Als »systemisch« wird heute ein Ansatz bezeichnet, der sich ab Mitte des vorigen Jahrhunderts zunächst als »Familientherapie« etablierte, dann aber zunehmend unabhängig vom Familien-Setting spezifische Konzepte und Methoden entwickelte. Heute findet man dieses Modell im psychotherapeutischen Bereich auch als Einzel-, Paar-, Familien-, Gruppen- und Multifamiliengruppentherapie (Ludewig 1992, 2002; von Schlippe / Schweitzer 1996; Boscolo / Bertrando 1997, Schiepek 1999; Kriz 2001; Schindler 2005) – im Jahr 2008 erfolgte nach langen Auseinandersetzungen die Anerkennung der systemischen Therapie als wissenschaftliches Verfahren (von Sydow / Beher / Retzlaff / Schweitzer 2007). Man findet das Modell im Erziehungs- und Sozialwesen als systemische Pädagogik (Voss 2005), in der Kindertherapie (Retzlaff 2008) bzw. in der sozialen Arbeit (Ritscher 2002).
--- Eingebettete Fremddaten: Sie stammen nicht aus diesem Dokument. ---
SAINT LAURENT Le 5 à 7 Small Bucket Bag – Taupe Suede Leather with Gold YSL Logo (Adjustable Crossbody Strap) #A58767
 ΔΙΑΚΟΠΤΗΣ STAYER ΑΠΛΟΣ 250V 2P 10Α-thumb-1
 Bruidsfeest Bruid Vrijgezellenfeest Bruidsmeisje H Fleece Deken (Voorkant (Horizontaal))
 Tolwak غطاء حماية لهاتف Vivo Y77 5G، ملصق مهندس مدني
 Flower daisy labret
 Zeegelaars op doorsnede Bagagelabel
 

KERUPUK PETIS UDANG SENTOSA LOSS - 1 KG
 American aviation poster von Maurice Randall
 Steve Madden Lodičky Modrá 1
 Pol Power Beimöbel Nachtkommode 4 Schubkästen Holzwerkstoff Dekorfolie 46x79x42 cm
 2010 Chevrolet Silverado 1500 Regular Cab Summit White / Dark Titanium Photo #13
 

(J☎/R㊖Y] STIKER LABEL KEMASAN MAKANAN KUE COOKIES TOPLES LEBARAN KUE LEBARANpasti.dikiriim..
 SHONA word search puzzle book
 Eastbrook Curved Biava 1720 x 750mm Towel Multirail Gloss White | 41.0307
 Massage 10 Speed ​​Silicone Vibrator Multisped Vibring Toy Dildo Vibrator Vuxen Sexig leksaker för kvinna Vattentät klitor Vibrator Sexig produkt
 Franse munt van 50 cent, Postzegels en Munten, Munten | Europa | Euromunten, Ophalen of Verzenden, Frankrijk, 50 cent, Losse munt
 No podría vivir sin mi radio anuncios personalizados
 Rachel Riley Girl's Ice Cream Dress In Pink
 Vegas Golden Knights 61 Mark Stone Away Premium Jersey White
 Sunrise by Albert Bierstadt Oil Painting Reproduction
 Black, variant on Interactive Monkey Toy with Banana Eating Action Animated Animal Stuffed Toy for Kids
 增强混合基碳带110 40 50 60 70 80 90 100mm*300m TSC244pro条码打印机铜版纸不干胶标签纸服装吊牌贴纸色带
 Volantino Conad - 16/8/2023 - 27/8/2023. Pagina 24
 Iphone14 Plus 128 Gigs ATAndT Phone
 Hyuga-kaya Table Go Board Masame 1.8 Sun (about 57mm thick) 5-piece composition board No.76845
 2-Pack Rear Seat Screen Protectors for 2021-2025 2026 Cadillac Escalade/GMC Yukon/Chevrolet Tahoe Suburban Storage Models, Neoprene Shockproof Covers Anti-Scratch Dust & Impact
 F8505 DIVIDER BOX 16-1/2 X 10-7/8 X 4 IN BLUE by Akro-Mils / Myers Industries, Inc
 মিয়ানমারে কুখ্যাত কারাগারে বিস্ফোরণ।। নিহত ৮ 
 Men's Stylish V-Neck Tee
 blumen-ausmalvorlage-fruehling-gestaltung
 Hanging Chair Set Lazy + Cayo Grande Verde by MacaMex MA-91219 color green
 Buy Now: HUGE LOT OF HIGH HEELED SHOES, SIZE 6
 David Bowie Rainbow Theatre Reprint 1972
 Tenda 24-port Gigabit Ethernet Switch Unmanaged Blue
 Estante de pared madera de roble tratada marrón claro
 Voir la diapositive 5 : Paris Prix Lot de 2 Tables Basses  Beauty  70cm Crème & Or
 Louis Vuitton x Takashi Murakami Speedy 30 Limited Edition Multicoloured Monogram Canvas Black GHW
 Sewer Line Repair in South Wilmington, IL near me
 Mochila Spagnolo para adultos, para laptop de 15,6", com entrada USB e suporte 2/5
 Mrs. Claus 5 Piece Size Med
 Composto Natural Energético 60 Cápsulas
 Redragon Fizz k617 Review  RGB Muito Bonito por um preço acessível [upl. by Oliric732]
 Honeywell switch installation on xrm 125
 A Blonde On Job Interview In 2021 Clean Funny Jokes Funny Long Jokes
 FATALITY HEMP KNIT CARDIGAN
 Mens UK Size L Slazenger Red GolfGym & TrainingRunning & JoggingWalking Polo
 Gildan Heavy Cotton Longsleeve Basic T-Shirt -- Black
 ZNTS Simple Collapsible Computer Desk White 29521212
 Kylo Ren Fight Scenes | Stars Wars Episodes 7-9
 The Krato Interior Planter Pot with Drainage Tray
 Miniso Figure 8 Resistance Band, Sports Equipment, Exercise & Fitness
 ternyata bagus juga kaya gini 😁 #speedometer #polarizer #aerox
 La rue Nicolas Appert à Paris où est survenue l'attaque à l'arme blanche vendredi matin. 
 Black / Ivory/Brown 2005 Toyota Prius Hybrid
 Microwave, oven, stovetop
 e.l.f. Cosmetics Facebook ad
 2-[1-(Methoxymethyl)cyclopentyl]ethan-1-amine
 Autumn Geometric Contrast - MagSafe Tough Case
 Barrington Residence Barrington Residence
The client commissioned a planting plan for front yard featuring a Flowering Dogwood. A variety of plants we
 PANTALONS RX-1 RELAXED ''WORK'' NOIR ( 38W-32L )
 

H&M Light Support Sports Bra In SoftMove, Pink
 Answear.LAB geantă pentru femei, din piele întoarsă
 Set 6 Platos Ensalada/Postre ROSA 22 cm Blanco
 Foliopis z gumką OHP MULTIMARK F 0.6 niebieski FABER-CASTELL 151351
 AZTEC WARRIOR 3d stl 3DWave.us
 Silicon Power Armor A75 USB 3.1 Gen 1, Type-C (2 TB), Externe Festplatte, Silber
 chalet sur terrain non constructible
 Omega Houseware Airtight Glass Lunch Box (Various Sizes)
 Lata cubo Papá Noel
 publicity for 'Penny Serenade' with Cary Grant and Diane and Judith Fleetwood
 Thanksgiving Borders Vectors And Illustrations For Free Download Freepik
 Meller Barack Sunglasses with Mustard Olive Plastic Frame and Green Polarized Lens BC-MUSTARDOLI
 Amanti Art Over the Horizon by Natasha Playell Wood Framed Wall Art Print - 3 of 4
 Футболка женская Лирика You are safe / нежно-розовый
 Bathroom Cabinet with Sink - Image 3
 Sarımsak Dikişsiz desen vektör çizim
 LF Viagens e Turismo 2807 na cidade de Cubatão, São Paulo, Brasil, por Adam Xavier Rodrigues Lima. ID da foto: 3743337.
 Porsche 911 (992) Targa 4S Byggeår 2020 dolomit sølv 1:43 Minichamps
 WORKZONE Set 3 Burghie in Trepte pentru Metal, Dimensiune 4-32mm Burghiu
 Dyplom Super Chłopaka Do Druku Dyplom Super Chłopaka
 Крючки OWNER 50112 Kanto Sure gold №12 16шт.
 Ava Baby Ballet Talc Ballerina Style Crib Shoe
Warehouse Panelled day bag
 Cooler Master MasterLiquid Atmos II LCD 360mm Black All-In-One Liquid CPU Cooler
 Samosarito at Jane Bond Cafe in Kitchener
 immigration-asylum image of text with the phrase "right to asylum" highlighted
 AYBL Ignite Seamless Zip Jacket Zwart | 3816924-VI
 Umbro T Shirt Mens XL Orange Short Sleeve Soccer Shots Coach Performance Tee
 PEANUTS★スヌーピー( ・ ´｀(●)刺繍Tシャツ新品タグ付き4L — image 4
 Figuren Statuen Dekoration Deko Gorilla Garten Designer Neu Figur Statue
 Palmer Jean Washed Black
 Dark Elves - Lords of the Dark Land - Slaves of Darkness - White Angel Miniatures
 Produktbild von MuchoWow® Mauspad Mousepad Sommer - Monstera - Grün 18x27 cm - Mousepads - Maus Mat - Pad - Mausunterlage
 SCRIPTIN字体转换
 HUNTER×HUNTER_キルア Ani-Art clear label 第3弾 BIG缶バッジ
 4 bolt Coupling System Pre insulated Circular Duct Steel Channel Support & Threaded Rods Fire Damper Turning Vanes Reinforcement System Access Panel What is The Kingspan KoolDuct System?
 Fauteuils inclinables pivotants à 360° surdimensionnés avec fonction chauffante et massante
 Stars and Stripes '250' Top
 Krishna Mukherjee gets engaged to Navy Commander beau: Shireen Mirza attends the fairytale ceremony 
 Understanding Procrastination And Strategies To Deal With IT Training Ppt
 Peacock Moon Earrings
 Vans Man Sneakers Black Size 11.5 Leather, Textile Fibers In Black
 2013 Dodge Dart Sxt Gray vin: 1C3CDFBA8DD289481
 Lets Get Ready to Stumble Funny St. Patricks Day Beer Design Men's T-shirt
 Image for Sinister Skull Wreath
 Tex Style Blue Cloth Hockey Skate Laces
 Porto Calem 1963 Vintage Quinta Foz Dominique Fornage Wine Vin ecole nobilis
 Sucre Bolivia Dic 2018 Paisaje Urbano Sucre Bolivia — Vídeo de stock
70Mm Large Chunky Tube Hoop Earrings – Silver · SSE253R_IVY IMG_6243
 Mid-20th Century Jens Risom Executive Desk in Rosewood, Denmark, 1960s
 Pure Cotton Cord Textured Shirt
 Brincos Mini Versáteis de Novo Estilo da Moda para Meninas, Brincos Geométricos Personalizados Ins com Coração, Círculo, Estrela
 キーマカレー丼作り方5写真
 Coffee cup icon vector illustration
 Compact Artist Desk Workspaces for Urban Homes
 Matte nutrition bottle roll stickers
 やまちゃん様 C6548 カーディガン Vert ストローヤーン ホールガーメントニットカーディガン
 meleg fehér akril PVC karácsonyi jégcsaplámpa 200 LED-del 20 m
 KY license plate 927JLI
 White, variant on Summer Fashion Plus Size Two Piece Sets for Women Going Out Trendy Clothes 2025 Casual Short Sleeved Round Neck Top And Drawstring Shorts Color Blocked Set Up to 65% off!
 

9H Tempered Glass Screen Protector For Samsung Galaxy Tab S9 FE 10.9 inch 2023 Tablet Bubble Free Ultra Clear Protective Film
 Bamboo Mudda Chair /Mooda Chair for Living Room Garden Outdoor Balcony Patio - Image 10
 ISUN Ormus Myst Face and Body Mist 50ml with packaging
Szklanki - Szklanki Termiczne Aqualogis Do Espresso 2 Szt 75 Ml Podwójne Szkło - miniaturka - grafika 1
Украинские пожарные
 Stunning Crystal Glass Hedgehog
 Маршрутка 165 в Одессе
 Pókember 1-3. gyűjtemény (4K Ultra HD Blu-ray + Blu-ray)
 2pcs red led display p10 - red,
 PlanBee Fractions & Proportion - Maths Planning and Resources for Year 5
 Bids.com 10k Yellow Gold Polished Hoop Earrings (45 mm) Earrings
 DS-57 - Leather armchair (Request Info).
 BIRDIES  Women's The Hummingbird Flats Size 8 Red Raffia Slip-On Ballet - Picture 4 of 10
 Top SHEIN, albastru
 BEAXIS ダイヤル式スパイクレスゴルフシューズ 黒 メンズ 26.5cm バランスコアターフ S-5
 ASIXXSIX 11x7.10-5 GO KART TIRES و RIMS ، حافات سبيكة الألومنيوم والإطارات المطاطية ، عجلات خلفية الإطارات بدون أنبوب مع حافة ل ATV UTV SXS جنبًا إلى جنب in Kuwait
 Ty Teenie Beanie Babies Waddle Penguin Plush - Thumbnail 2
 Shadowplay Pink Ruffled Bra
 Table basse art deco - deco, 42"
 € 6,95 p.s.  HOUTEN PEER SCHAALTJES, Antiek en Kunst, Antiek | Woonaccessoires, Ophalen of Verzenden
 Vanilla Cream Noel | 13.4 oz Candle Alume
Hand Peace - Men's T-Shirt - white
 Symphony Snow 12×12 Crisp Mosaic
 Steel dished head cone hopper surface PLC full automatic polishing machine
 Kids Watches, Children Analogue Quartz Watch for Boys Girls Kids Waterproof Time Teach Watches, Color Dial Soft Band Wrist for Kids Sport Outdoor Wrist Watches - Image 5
Besonders stark hat es sich in Profit- und Nonprofit-Unternehmen als systemisches Management und als systemische Führungskräfte-, Team- und Organisationsberatung (Trebesch 2000, Königswieser / Hillebrand 2004, Wimmer 2004) etabliert. Zudem ist eine Vielzahl von Methoden und Interventionsformen entstanden (z.B. Königswieser / Exner 2002; Schwing / Fryszer 2006; Hansen 2007; Caby / Caby 2009; Klein / Kannicht 2009).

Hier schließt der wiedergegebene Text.